▸ Task goal
Each entry below should be restated word for word, without any picture it contains.

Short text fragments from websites
════════

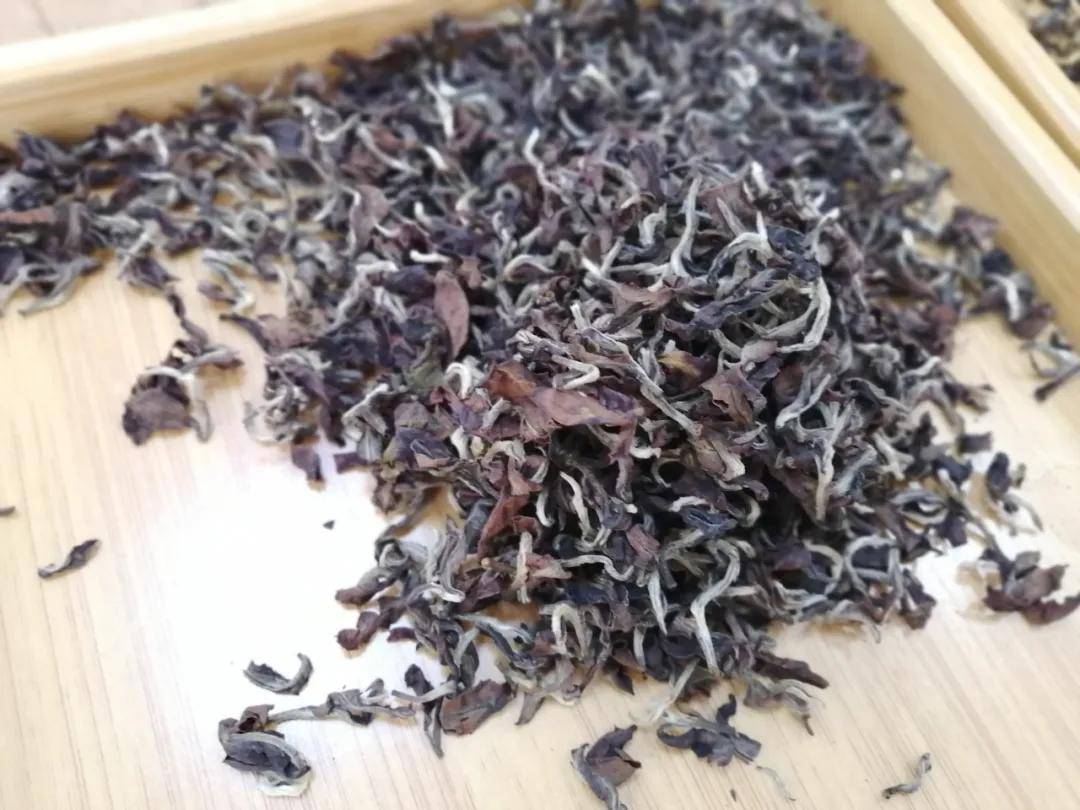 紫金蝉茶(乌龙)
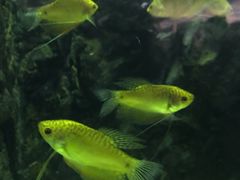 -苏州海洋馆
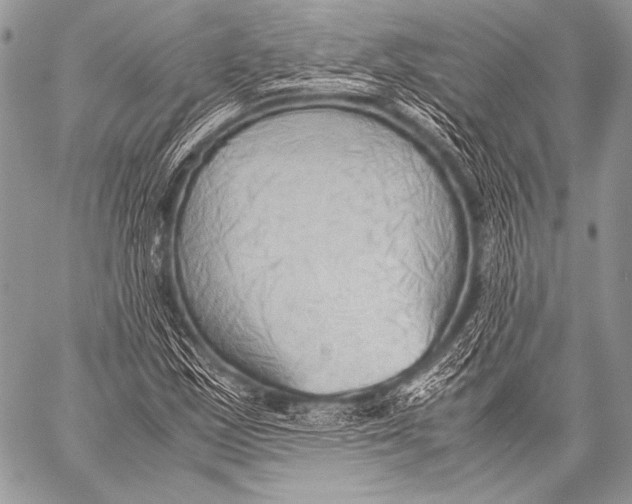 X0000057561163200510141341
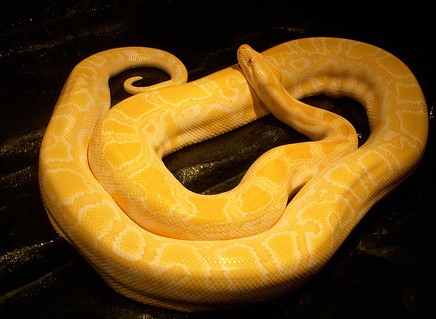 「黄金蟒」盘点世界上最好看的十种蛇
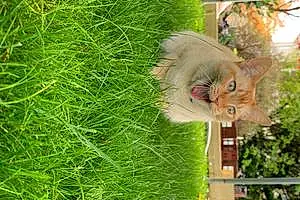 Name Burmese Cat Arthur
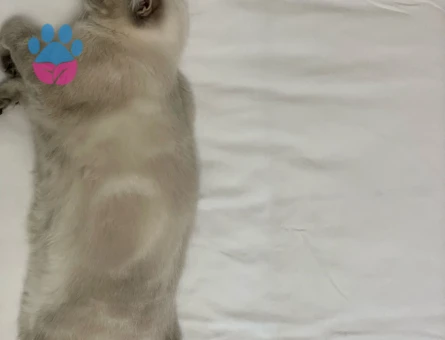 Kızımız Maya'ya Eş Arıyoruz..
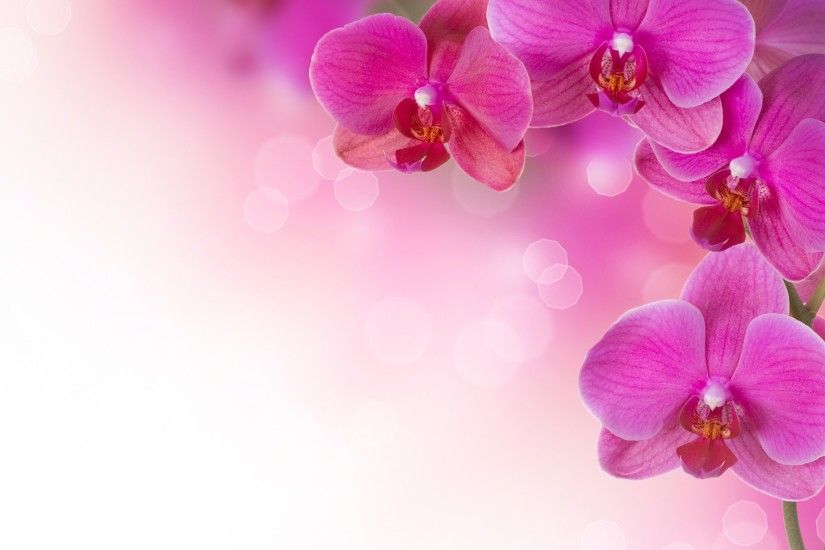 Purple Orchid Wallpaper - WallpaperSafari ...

════════

▸ The completed task
 紫金蝉茶(乌龙)
 -苏州海洋馆
 X0000057561163200510141341
 「黄金蟒」盘点世界上最好看的十种蛇
 Name Burmese Cat Arthur
 Kızımız Maya'ya Eş Arıyoruz..
 Purple Orchid Wallpaper - WallpaperSafari ...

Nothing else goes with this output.